Friday, August 12, 2022 | 11:00 AM EDT

Zoom Interview | Álvaro Méndez, Margaret Myers, Xiaoyu Pu

China’s engagement and influence in Latin America and the Caribbean (LAC) have grown with the expansion of the Belt and Road Initiative into the region. Increased American attention suggests changes in a complex triangular relationship. What is China’s ambition in the region? What would LAC countries stand to gain from more robust partnerships with China? Will they feel pressure to choose between China and the United States?

In a conversation moderated by Xiaoyu Pu on August 12, 2022, Álvaro Méndez and Margaret Myers discuss China’s growing involvement in LAC and its implications for the United States.

Speakers

Álvaro Méndez

Álvaro Méndez is a senior research fellow at the London School of Economics and Political Science (LSE) and the co-director of the Global South Unit at LSE-IDEAS. He also is an adjunct professor at Sciences Po Paris and Fudan University, as well as an associate fellow of the Geneva Centre for Security Policy. Professor Mendez is the author, co-author, or editor of six books: Nuevas Relaciones Diplomáticas entre Panamá y China (2021); The Political Economy of China–Latin America Relations (2020); New Development Assistance: Emerging Economies and the New Landscape of Development Assistance (2020); La Conexión China en la Política Exterior del Perú (2019); The China-Latin America Axis (2018); and Colombian Agency and the Making of US Foreign Policy (2017). China and Latin America: Development, Agency, and Geopolitics (with Chris Alden) is forthcoming. He has also published articles in a variety of scholarly journals.

Margaret Myers

Margaret Myers is director of the Asia and Latin America Program at the Inter-American Dialogue. She has published extensively on China’s relations with the Latin America and Caribbean region, including two co-edited volumes, The Political Economy of China-Latin America Relations and The Changing Currents of Trans-Pacific Integration: China, the TPP, and Beyond. Ms. Myers has testified before the U.S. House of Representatives and Senate and is regularly featured in major domestic and international media. She is an adjunct professor at Georgetown University, George Washington University, and the Johns Hopkins School of Advanced International Studies.

Ms.
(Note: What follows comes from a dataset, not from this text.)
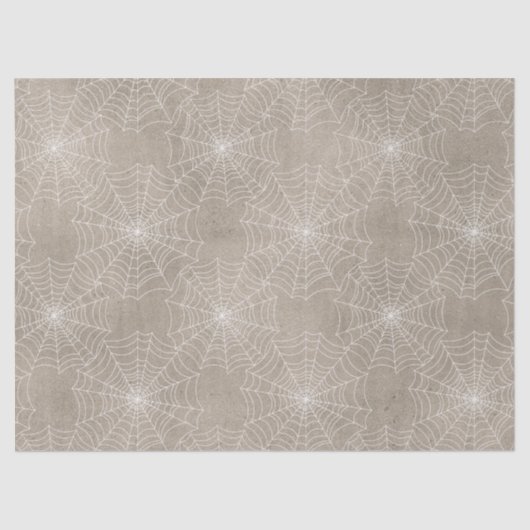 Witte spinnenwebs op Tan-decoupage Tissuepapier (Voorkant)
Myers was previously a Latin America and China analyst at the U.S. Department of Defense, a Council on Foreign Relations term member, recipient of the Freeman Fellowship for China studies, and a Fulbright Specialist, researching China-Colombia relations in Bogotá. Ms. Myers will begin a fellowship at the Woodrow Wilson Center in fall 2022.

Moderator

Xiaoyu Pu

Xiaoyu Pu is an associate professor of political science at the University of Nevada, Reno. His teaching and research focus on Chinese foreign policy, East Asian politics, emerging world powers (BRICS), and international relations theory. He is also a non-resident senior fellow at the Inter-American Dialogue in Washington, D.C.

Dr. Pu was born and raised in Sichuan. He received his bachelor’s and master’s degrees in political science from Nankai University in Tianjin. After moving to the United States, he got another master’s from Kent State University and his doctorate in political science from The Ohio State University. He was a postdoctoral fellow in the Princeton-Harvard China and the World Program at Princeton University and later was a Stanton Fellow at Fundação Getulio Vargas in Brazil. Dr. Pu is a Public Intellectuals Program fellow at the National Committee on U.S.-China Relations.